Brian Lara International Cricket 2005

| Brian Lara International Cricket 2005

Cricket has never been an over-represented category on games developers’ to-do lists – but as cricket has returned to summer 2005’s sphere of cool, Empire, Codemasters and EA compete for a portion of the world’s disposable income as they look to revitalise the genre – or polish a rusty old machine and pass it off as new.

Cricket 2005 has disappointed, seemingly little more than a tarted-up re-working of the 2004 version – complete with a reduction in the number of shots playable and the removal of the mid-game-save function if you’re an Xbox owner, and the sudden announcement of a fresh incarnation of the International Cricket Captain with a month’s notice fills me with little expectation of much beyond a glorified data update – but I still hope.

Brian Lara International Cricket (or Ricky Ponting I.C. if you’re an antipodean) is more than window dressing.

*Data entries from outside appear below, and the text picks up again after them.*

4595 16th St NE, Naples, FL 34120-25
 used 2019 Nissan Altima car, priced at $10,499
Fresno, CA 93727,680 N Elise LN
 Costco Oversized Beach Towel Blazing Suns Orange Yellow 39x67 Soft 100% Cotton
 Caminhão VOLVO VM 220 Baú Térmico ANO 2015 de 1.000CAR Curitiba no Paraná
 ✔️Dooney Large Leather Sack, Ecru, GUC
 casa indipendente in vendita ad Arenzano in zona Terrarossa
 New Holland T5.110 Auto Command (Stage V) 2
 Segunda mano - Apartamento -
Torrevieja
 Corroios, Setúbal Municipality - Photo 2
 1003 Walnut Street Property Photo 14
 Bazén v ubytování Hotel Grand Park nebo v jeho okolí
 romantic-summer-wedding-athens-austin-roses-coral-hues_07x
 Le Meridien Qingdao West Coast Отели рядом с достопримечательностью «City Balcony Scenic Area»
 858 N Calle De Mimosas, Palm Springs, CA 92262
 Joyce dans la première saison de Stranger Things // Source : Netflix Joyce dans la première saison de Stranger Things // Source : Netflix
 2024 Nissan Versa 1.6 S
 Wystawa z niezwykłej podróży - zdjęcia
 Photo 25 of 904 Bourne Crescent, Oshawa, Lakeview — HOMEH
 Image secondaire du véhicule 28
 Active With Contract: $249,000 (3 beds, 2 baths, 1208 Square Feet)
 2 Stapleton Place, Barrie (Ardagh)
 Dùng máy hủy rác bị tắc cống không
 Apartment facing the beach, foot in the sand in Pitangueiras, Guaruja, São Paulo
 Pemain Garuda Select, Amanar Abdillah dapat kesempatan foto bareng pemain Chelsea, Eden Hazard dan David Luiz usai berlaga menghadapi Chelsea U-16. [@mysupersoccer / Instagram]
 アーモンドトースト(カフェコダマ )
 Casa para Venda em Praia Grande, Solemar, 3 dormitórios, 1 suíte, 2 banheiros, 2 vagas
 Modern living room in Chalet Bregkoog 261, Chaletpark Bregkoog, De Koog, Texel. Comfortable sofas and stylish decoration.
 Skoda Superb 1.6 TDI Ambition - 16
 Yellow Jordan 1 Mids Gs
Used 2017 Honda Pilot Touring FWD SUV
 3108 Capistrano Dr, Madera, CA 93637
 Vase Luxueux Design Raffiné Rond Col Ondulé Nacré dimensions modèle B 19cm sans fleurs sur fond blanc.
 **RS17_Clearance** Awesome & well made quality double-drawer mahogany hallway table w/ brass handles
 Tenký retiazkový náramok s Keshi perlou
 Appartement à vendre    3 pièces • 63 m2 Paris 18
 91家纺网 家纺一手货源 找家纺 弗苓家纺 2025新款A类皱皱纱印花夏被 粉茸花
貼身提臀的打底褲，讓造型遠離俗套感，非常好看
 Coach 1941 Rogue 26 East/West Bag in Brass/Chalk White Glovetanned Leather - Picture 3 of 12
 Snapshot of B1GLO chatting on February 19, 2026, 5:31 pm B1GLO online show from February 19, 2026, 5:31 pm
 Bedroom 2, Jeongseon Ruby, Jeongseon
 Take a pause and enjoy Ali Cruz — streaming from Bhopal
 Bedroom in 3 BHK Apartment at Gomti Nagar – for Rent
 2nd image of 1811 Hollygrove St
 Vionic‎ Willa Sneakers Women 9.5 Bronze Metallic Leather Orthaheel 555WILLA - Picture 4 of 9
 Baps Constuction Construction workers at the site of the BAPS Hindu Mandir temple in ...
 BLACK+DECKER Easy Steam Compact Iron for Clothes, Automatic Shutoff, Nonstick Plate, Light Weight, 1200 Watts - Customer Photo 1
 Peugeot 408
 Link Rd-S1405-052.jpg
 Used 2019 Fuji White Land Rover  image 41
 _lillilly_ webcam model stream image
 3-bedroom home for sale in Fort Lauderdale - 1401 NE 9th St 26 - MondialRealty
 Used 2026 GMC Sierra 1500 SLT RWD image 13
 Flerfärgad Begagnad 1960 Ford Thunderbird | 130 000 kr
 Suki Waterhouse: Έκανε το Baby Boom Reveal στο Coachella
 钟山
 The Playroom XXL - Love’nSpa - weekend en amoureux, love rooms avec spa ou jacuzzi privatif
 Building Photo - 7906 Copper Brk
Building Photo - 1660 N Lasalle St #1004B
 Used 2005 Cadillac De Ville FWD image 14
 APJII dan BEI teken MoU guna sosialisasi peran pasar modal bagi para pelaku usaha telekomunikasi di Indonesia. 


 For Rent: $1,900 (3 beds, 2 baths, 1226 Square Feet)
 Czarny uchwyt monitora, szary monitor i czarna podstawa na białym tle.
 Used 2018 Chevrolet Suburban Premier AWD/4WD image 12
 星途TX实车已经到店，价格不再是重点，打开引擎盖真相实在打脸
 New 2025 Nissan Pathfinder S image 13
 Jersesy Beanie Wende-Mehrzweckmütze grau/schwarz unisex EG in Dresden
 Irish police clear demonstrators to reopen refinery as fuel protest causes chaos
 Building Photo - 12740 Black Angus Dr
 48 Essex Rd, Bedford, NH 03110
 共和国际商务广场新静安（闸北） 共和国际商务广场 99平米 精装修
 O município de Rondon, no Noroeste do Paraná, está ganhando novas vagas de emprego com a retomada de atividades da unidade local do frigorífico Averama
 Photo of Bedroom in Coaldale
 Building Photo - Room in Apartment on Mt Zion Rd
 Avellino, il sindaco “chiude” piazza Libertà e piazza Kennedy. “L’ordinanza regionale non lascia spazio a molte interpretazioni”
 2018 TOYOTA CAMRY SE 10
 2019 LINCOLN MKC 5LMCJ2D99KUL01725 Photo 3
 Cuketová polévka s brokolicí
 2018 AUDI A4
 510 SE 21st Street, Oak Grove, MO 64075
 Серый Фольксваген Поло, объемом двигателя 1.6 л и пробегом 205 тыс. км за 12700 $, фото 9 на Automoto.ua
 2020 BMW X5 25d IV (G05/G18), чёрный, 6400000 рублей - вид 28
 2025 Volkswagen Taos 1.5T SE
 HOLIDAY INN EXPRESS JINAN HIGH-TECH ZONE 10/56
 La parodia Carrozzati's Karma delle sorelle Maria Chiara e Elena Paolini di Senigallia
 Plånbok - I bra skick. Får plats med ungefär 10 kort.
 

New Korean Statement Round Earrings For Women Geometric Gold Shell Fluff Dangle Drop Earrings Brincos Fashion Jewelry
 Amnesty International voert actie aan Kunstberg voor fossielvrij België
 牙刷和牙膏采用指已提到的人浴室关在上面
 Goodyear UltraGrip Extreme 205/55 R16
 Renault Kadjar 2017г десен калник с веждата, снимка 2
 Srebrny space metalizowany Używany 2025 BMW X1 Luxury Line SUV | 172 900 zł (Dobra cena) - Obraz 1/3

Cricket gaming has been about batting since time immemorial, for bowling – without flexibility, without disguise and without any ability to move the ball at any pace above Paul Collingwood’s – proved little beyond a search for the position where the ball should be bowled in order to get the computer out every time. That, or playing your mates and pointing ridicule as they play your slower balls several weeks before they shudder into middle stump.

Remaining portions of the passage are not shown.